- [MATERIAL PROVIDED]:
------------------------------

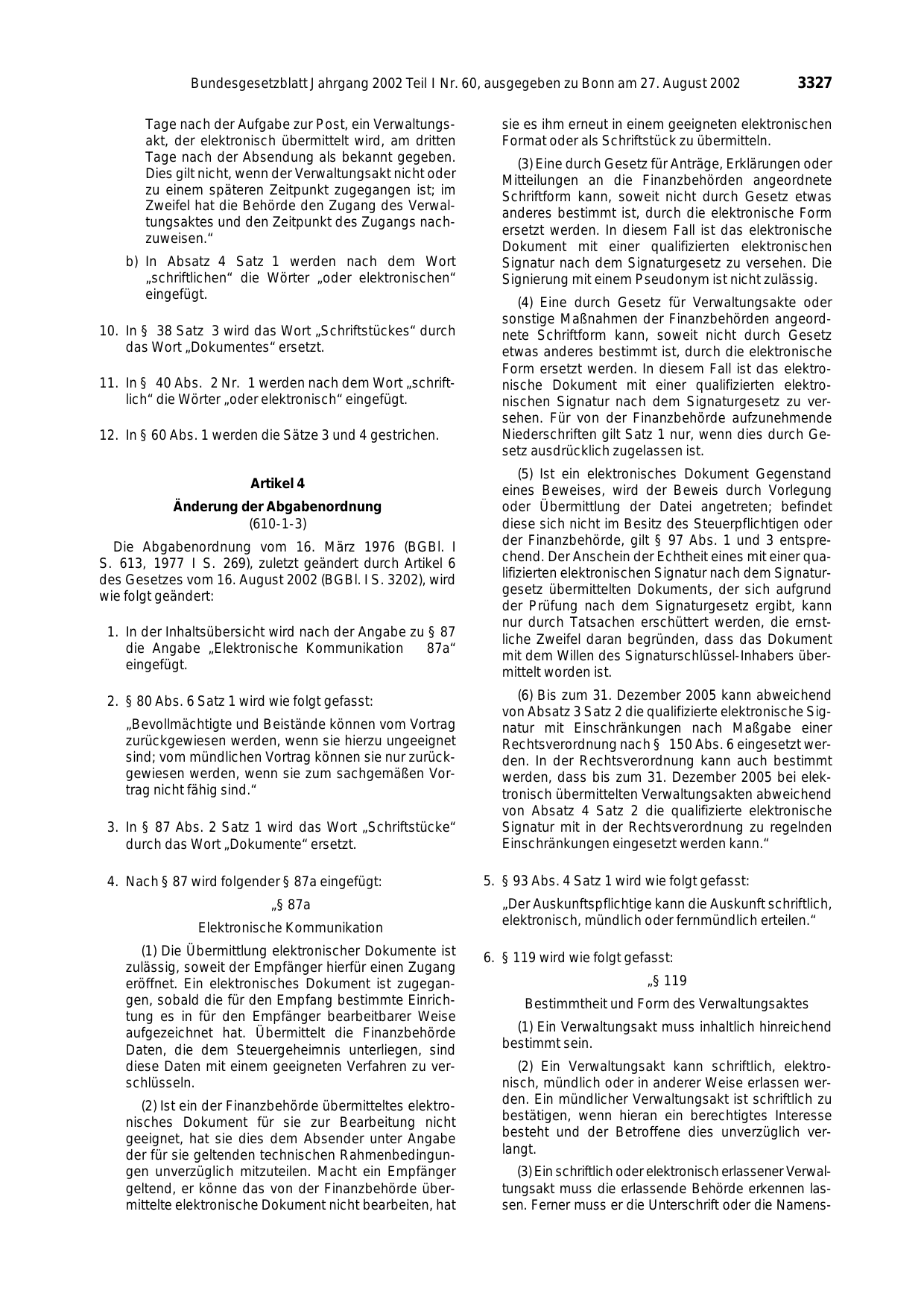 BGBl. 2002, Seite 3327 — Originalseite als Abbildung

------------------------------

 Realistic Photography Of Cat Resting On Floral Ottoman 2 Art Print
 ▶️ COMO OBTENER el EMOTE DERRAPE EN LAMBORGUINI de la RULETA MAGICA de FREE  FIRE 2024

------------------------------

- [EXERCISE PROMPT]: Your answer should be the lines of the listing above between the line holding "Realistic Photography Of" and the line holding "COMO OBTENER el", inclusive, restated word for word and alone.

- [YOUR SOLUTION]:
 Realistic Photography Of Cat Resting On Floral Ottoman 2 Art Print
 ▶️ COMO OBTENER el EMOTE DERRAPE EN LAMBORGUINI de la RULETA MAGICA de FREE  FIRE 2024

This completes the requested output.